Peter Cannon: Thunderbolt #1
Kieron Gillen (writer), Hassan Otsmane-Elhaou (letters), Mary Safro (colorist), Caspar Wungaard (artist)
Peter Cannon: Thunderbolt is a new take on an old character—one you might not know by name but who, if you’re big into superheroes, will sound very familiar once you get to know him.
Created by Pete Morsi, a cop and a comic writer, as part of the Charlton Comics Action Heroes line in 1966, Peter Cannon then moved to DC. He didn’t appear in their pages until Crisis on Infinite Earths.

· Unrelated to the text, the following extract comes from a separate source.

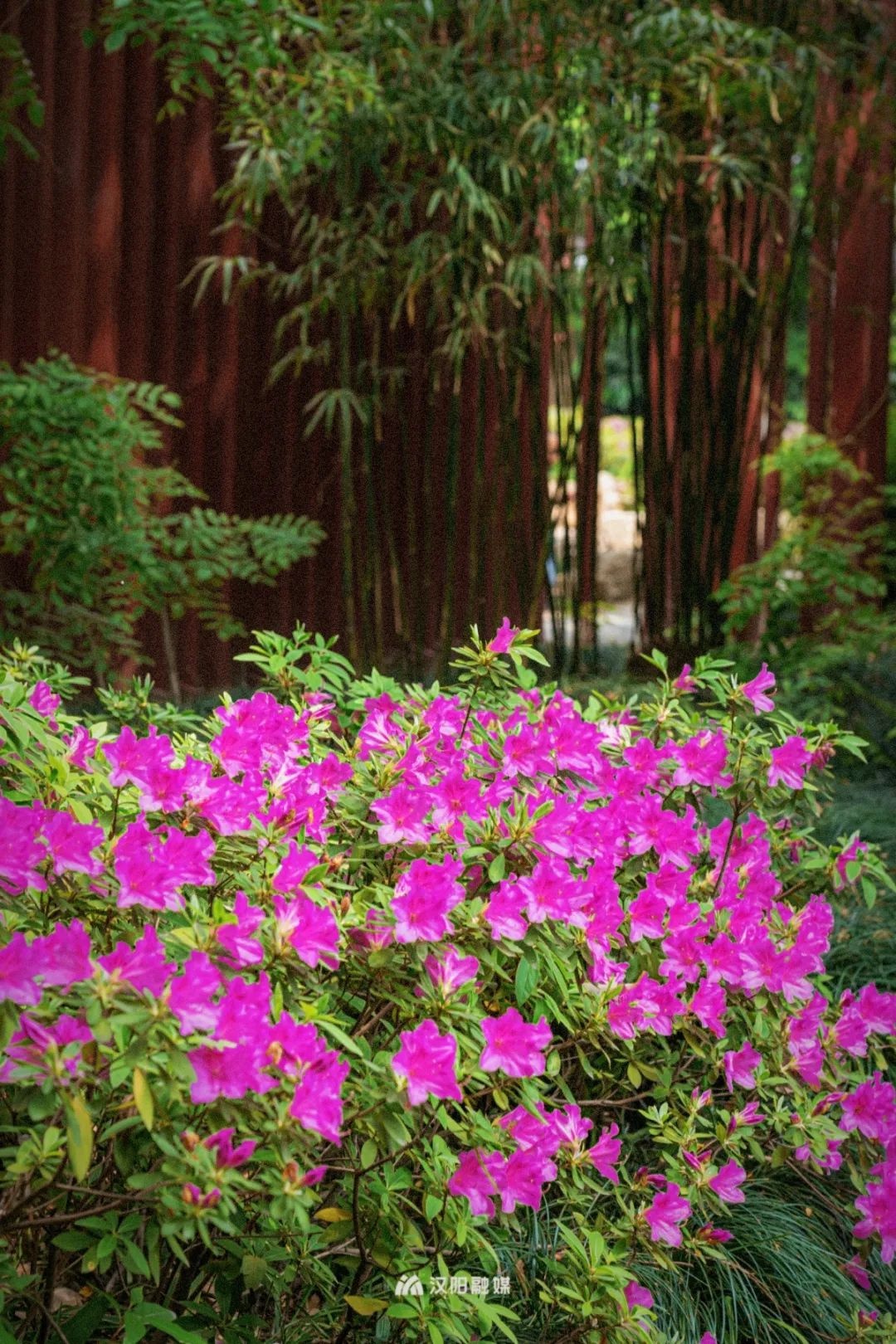 武汉旅游值得带的东西,武汉汉阳两日游最佳攻略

Now owned by the Morsi estate, Peter Cannon was last featured in 2010 with a ten-issue run at Dynamite, co-written by Steve Darnall and Alex Ross with art by Jonathan Lau. (He also happens to be the inspiration for Ozymandias in Watchmen.)
The character Peter Cannon isn’t just familiar because of his publication history. He’s also composed entirely of superhero trends and tropes. His power lies in his mental prowess and discipline, making him the smartest man on Earth. Raised by monks in the Himalayas, he has a backstory both tragic and Orientalist. He’s aloof and extremely wealthy, from the looks of his sprawling estate. And you bet he has a minority friend at his side: his name is Tabu, y’all.
So does his history have much to do with this book? You don’t need it to read this issue, but with Kieron Gillen at the helm, I have to assume the answer is yes. The first issue is kind of like one long elbow nudge regarding the superhero genre, told with an extremely meta character (at least in the year 2019; he beat Iron Fist to his own backstory by about eight years). Reading issue #1, it’s clear there’s a very specific audience for this, one in on the joke—and while I wasn’t familiar with Peter Cannon specifically, I felt like I picked up what the book was putting down in terms of references, allusions, and winks. I had fun with it, but I’m not sure how rewarding this book would have been if I didn’t have a solid background in superheroics (i.e., if I weren’t into navel-gazing into the self-referential multiverse).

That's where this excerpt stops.